The following is quote from 70-762 Developing SQL Databases (p. 212)
:
Another potential problem can occur when two processes read the same row and then update that data with different values. This might happen if a transaction first reads a value into a variable and then uses the variable in an update statement in a later step. When this update executes, another transaction updates the same data. Whichever of these transactions is committed first becomes a lost update because it was replaced by the update in the other transaction. You cannot use isolation levels to change this behavior, but you can write an application that specifically allows lost updates.
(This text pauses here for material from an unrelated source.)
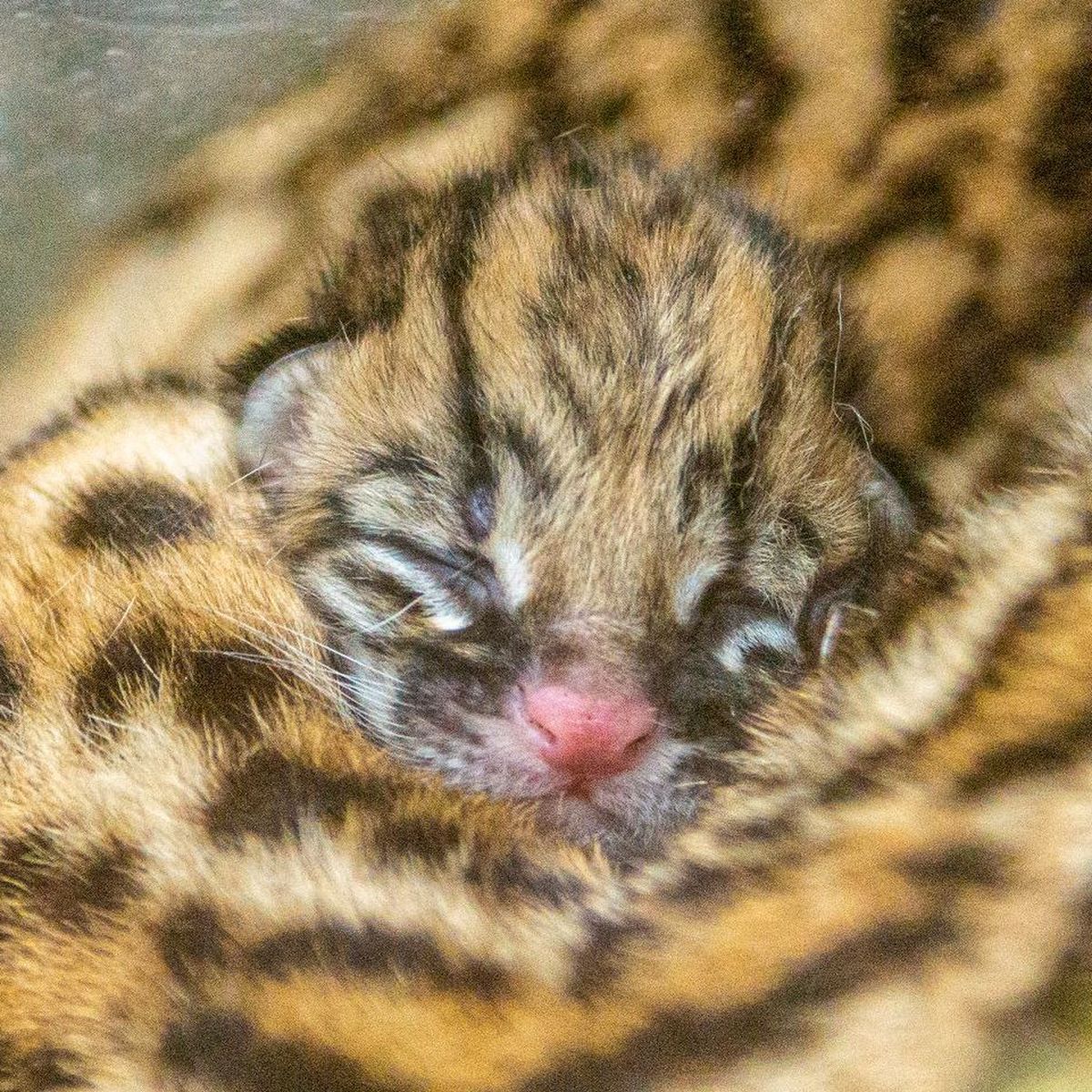 Pyrenees Atlantiques Naissance D Un Bebe Ocelot Au Zoo D Asson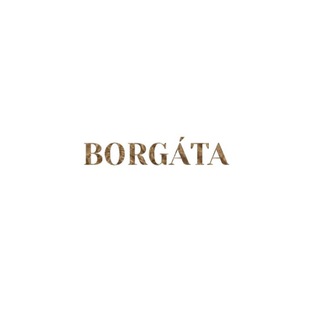 Telegram profile photo for Borgata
So, it seems that none of the isolation levels can help you in such cases and you need to solve the issue in the code itself. For example:
DROP TABLE IF EXISTS [dbo].[Balance];
CREATE TABLE [dbo].[Balance]
(
[BalanceID] TINYINT IDENTITY(1,1)
,[Balance] MONEY
,CONSTRAINT [PK_Balance] PRIMARY KEY
(
[BalanceID]
)
);
INSERT INTO [dbo].[Balance] ([Balance])
VALUES (100);
-- query window 1
BEGIN TRANSACTION;
DECLARE @CurrentBalance MONEY;
SELECT @CurrentBalance = [Balance]
FROM [dbo].[Balance]
WHERE [BalanceID] = 1;
WAITFOR DELAY '00:00:05'
UPDATE [dbo].[Balance]
SET [Balance] = @CurrentBalance + 20
WHERE [BalanceID] = 1;
COMMIT TRANSACTION;
-- query window 2
BEGIN TRANSACTION;
DECLARE @CurrentBalance MONEY;
SELECT @CurrentBalance = [Balance]
FROM [dbo].[Balance]
WHERE [BalanceID] = 1;
UPDATE [dbo].[Balance]
SET [Balance] = @CurrentBalance + 50
WHERE [BalanceID] = 1;
COMMIT TRANSACTION;
Create the table, the execute each part of the code in separate query windows. Changing the isolation level does nothing. For example, the only difference between read committed
and repeatable read
is that the last, blocks the second transaction while the first is finished and then overwrites the value.